Nella prossima primavera ci saranno le elezioni amministrative ad Anguillara Sabazia, una consiliatura che, complice il COVID, è durata oltre i cinque anni previsti. Il sindaco uscente, Angelo Pizzigallo, sostenuto da uno schieramento di destra, si batterà per la propria riconferma, forte del cospicuo finanziamento ricevuto grazie al PNRR a firma Mario Draghi cercherà di utilizzare come frecce nel proprio arco le opere realizzate con tali finanziamenti. E’ bene ricordare che una tale mole di finanziamenti non era mai stata concessa e difficilmente lo sarà nel prossimo futuro. Al contrario, lo schieramento di centro-sinistra che non ha ancora ufficializzato formalmente il proprio candidato sindaco ma che i “rumor” di paese hanno già individuato, così come sono state individuate le forze che si contenderanno la maggioranza nel consiglio comunale, ritiene che le frecce all’arco del sindaco appaiono spuntate e non sufficienti per ritenere centrati gli obiettivi del PNRR. Il Piano infatti metteva a disposizione, anche degli enti locali, dei finanziamenti con lo scopo di avviare quelle modifiche strutturali che mettessero in grado il Paese ad affrontare una nuova crisi, non per forza pandemica, in modo tale da renderlo, a tutti i livelli, resiliente e resistente.
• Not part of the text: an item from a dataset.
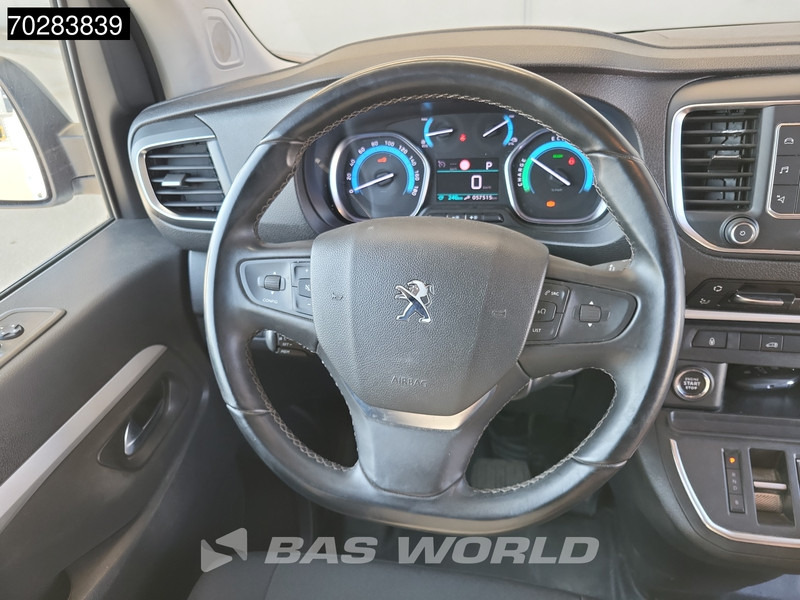 Väike kaubik, Elektrikaubik Peugeot Expert 136PK Elektrisch 330km WLTP 75kWh L2H1 LED Navi Airco Cruise Camera Parkeersensoren L2 6m3 Airco Cruise control: pilt 17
E’ pur vero che ad Anguillara alcune opere sono state realizzate, forse la più significativa è la ristrutturazione e l’ammodernamento degli edifici scolastici, ma la principale critica riportata dalle opposizioni è che tali opere erano dovute, erano necessarie e imprescindibili, quasi a toglierne il merito all’amministrazione.
Si può facilmente prevedere che la battaglia politica dei prossimi mesi sarà aspra, e l’argomento principe sarà proprio l’utilizzo dei fondi PNRR che da una parte, gli attuali amministratori, ritengono ben spesi e che l’ammodernamento del paese è evidente, dall’altra parte, lo schieramento che si contende il comune, ritiene che Anguillara sarebbe potuta essere ben diversa da come viene lasciata da questa amministrazione. Avrebbe potuto avere delle strutture dedicate alla cultura, degli spazi polivalenti che nel paese mancano e di cui si sente una forte esigenza.
Indipendentemente da come ci si posizionerà rispetto agli schieramenti, è un fatto che ad Anguillara mancano dei luoghi di aggregazione per i giovani, luoghi nei quali sia possibile svolgere e coltivare le proprie passioni.
Siamo solo agli inizi di questa campagna elettorale e l’ultima parola è comunque degli elettori e saranno loro a decidere se l’amministrazione è da riconfermare oppure se un cambiamento sia necessario per dare un nuovo impulso al paese.